Baca Juga : Peran Saksi TPS: Mengawal Transparansi dan Kejujuran Pemilu di Setiap Suara
Asal Usul dan Filosofi Sistem Noken
Secara historis, sistem noken berasal dari tradisi musyawarah masyarakat pegunungan Papua yang menjunjung tinggi nilai kebersamaan dan kesepakatan kolektif. Dalam konteks Pemilu, sistem ini diadaptasi sebagai bentuk demokrasi komunitarian, di mana keputusan politik diambil berdasarkan mufakat warga kampung melalui perwakilan adat. Filosofi di balik sistem ini menekankan bahwa kepemimpinan adat dan kepercayaan sosial menjadi dasar legitimasi politik, bukan sekadar pilihan individu. Prinsip inilah yang menjadikan sistem noken unik sekaligus bernilai tinggi dalam kerangka demokrasi Indonesia.
Pengakuan dan Landasan Hukum
Sistem noken secara resmi diakui oleh Mahkamah Konstitusi (MK) melalui Putusan Nomor 47-81/PHPU.A-VII/2009, yang menegaskan bahwa pelaksanaan sistem noken merupakan bagian dari hak politik masyarakat adat Papua dan kearifan lokal yang harus dihormati. KPU pun menegaskan bahwa pengakuan sistem noken bukan berarti mengabaikan prinsip demokrasi universal, melainkan bentuk akomodasi terhadap keragaman budaya yang hidup di tengah masyarakat.
Pelaksanaan Sistem Noken di Lapangan
Dalam praktiknya, sistem noken diterapkan melalui dua bentuk utama:
-
Noken sebagai pengganti kotak suara.
Suara pemilih dimasukkan ke dalam noken yang mewakili masing-masing peserta Pemilu. -
Sistem perwakilan kesepakatan (aklamasi).
Kepala suku atau tokoh adat membawa suara warganya berdasarkan hasil musyawarah yang dilakukan sebelum hari pemungutan suara.
Kedua model tersebut tetap disupervisi oleh KPU dan Bawaslu setempat untuk memastikan pelaksanaannya sesuai prosedur dan hasilnya dapat dipertanggungjawabkan secara hukum.
Tantangan dan Upaya KPU
Meskipun diakui secara konstitusional, pelaksanaan sistem noken menghadapi beberapa tantangan, seperti:
-
Kebutuhan dokumentasi dan verifikasi yang akurat untuk menjamin validitas suara.
-
Pemahaman masyarakat terhadap prinsip rahasia dan keadilan dalam memilih.
-
Perbedaan penerapan antarwilayah yang menuntut penyesuaian teknis di lapangan.

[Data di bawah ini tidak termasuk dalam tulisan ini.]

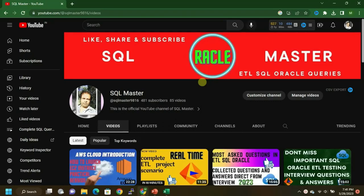Hi friends, good evening, welcome to SQL Master YouTube channel. I'm Manju, and today in this video I'm going to discuss end-to-end ETL tester duties — what exactly an ETL tester does the whole day. Kindly subscribe to my channel. This video will be informative and helpful for you to face interviews, because some people only partially know what an ETL tester does, their responsibilities, and everything included in ETL testing.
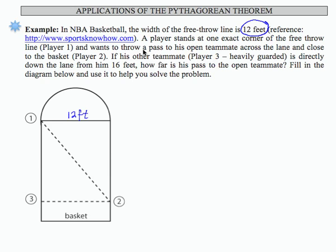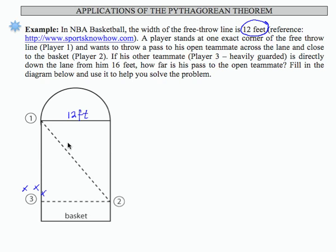He wants to throw a pass to his open teammate across the lane and close to the basket — he wants to throw a pass from player one to player two. If his other teammate, player three, is heavily guarded — he's probably triple teamed or something — and is directly down the lane from him, 16 feet. So this distance here is going to be 16 feet.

Untuk itu, KPU terus melakukan pendampingan, sosialisasi, dan pendidikan pemilih di wilayah yang masih menggunakan sistem noken. Langkah ini bertujuan agar pelaksanaan Pemilu tetap demokratis, inklusif, dan sesuai dengan peraturan perundang-undangan.
Sistem Noken sebagai Warisan Demokrasi Nusantara
Keberadaan sistem noken menunjukkan bahwa demokrasi Indonesia tidak bersifat tunggal, melainkan menyesuaikan konteks sosial-budaya di berbagai daerah. Melalui pengakuan terhadap sistem noken, negara mengakui keberagaman cara masyarakat dalam menyalurkan kedaulatannya.
Dengan pengawasan yang kuat dan partisipasi masyarakat adat yang tinggi, sistem noken menjadi simbol demokrasi khas Papua yang menegaskan semangat gotong royong dan musyawarah mufakat. KPU berkomitmen menjaga agar sistem ini terus berjalan akuntabel, transparan, dan selaras dengan prinsip Pemilu yang langsung, umum, bebas, rahasia, jujur, dan adil.